See, what I don't hear is - I can't believe how badly I hurt my wife, how much I love her and can't bear to think of living without her. 

Don't stay for the kids and keep your wife in the wings until another attractive woman comes along. It's cruel and a bad example for those kids.


----------



## FeedbackLoop (Nov 16, 2012)

TCSRedhead said:


> See, what I don't hear is - I can't believe how badly I hurt my wife, how much I love her and can't bear to think of living without her.
> 
> Don't stay for the kids and keep your wife in the wings until another attractive woman comes along. It's cruel and a bad example for those kids.


I'm not a very empathic person. I have a lot of asocial traits. I'm sort of disconnected from that sort of thing... especially if my actions caused it. Once I put someone into the "disconnected" box, they generally stay there even if outwardly, the relationship improves. Like I said, I'm in therapy and trying to address it... but its sort of "how do you make yourself feel something?"

Separate from the problem of ceasing to think about the OW, I have a problem feeling the same way about my wife as I once did. I'm not drawn to her, I don't crave her... I love her like family, but not like a lover. More like a good friend. My passion is gone and I haven't been able to get it back. I would really like it to come back.

My wife is a very attractive woman too... but still there's something wrong with me. That tingle of being in love and feeling like you can't wait to see them again when you're gone for a trip... is missing.

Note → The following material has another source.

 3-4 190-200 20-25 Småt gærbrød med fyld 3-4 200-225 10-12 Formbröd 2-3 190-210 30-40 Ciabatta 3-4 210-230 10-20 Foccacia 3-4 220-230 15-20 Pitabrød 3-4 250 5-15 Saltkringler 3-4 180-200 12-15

Can you just fall out of love with someone when they didn't do anything wrong and you never fight? Or is it just that I'm numb to the more subtle feelings because everything was so intense with the OW?

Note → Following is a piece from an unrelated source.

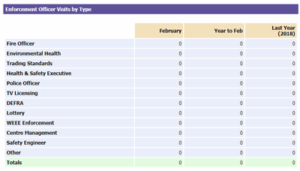 Health and Safety Software Enforcement Reporting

I feel like the saying is true. You can't go home again.

To top it all off, my insecurities have been raging away since I left the OW. I'm working out obsessively feeling like I need to look better. I'm already athletic and my working out annoys my wife... thinking I'm trying to look good for someone else. I obsess about what I wear now. I feel inadequate in bed. I cycle wildly between feeling worthless and undesireable to feeling like I'm awesome and everyone wants me. I'm critical of my posture; the way I walk; the way I say certain things. I've been trying to "fix" personality flaws. I'm even trying to get rid of this smirk I occassionally have when I'm being sly or telling a joke... something my wife loves but I find embarrassing or goofy. Its like I'm trying to fix everything I perceive to be a flaw in myself. Its maddening. I am truly losing my mind.

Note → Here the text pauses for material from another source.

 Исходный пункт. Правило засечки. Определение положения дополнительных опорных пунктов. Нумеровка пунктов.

My affair was truly pandoras box.


----------



## TCSRedhead (Oct 17, 2012)

You can rekindle how you felt about your wife - it happens all the time. Start dating/pursuing her again. Spend time every day to just talk to her. Become intimate again. 

Your goal is to put her in the place you've put the OW. Make her the object of your desire/fantasies. Do the actions, the feelings will follow.


----------



## My_2nd_Rodeo (Nov 20, 2012)

You still need to detox from the A. 

Everything I read (including the "catfight" over you) was feeding your narcissism/esteem needs to the extreme. It might have been a really crappy time for you, but it was also the most exhilarating... true? 

Work it and give it time. Remember, your wife is a desirable woman, don't take for granted that she'll just put up with your games.

Also, do you think she's interested in what you have to say? Maybe she finds talking to you dull as well. Something to work out in MC. You should not try to relive the feeling of being single and dating - puppydog love is not realistic to expect all the time.


It's good your'e here trying. I would advise you to keep your guard up on all social networks (including this site), you are still very vulnerable to a EA or PA. 

Seriously, you might brush this off, but everything you've said tells me your ripe for another affair.


----------



## couple (Nov 6, 2010)

I applaud you for being honest with your feelings. I'm sure it's not easy to say these things.

Take a listen on YouTube to 'Escape' (The Pina Colada Song) by Rupert Holmes. Sorry but your post reminds me of this song.


----------



## FeedbackLoop (Nov 16, 2012)

My_2nd_Rodeo said:


> You still need to detox from the A.
> 
> Everything I read (including the "catfight" over you) was feeding your narcissism/esteem needs to the extreme. It might have been a really crappy time for you, but it was also the most exhilarating... true?


It was, but it was also exhausting. Living from crisis to crisis.



My_2nd_Rodeo said:


> Also, do you think she's interested in what you have to say? Maybe she finds talking to you dull as well.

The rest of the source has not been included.